HET KOMPAS, 1 NOVEMBER 2019
Mari Spanjersbergh, medewerker Veilig Leven, Brandweer ZHZ
Een rookmelder is van levensbelang Het werk van Mari Spanjersbergh (65) uit Hendrik-Ido-Ambacht is eigenlijk heel simpel, vindt hij zelf. ‘Als medewerker risicobeheersing bij de brandweer Zuid-Holland-Zuid hang ik rookmelders op en vertel over veilig wonen aan oudere, nog zelfstandig wonende mensen in Oud-Beijerland.’ Zijn activiteiten vloeien voort uit de resultaten van de signalerende huisbezoeken bij mensen van 75 jaar en ouder die worden afgelegd op verzoek van de Ouderenadviseur van de gemeente. ‘De mensen vullen vragenlijsten in en als blijkt dat ze geen rookmelders hebben, kom ik in actie’, vertelt Spanjersbergh. ‘Vaak weet ik dan al dat mensen slechthorend zijn. Ik vertel ze dan over de mogelijkheden van een melder met een trilfunctie. Ik moet de mensen altijd op het spoor zetten omdat ze daar niet van hebben gehoord. Er zijn ook hulpmiddelen voor de telefoon en de voordeur, evenals waarschuwingssystemen voor koken op gas en elektrische dekens.

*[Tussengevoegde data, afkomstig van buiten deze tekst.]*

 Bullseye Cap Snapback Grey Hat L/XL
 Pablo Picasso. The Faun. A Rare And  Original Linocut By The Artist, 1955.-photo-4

Mijn voorlichting gaat alle kanten op, maar het gaat mij uiteindelijk om de rookmelder.’ Als mensen horen dat zij voor een melder met extra functies zelf moeten betalen, maken ze vaak een terugtrekkende beweging. ‘Dan zeggen ze, ik heb er nog nooit een gehad. Of, er is nog nooit brand geweest. Gratis, dat willen de mensen wel’, aldus Spanjersbergh. Hij vertelt dan dat een mensenleven meer waard is dan een rookmelder van ongeveer
100 euro. En dat je eerder brand hebt dan dat je 100.000 euro wint in de staatsloterij.
‘Mensen moeten de hulpmiddelen gebruiken die beschikbaar zijn.’ In zijn beleving verricht Spanjersbergh ook sociaal werk. Hij neemt de tijd voor zijn huisbezoek. ‘Ik dacht met een half uur te kunnen volstaan, maar ik trek er inmiddels een uur voor uit. Binnen de kortste keren hoor ik de levensverhalen. Het is een dure vorm van huisbezoek, maar wij gaan ermee door in het belang van de veiligheid. Brandweermensen zijn ook van vlees en bloed, en als het misgaat moeten wij de mensen redden.’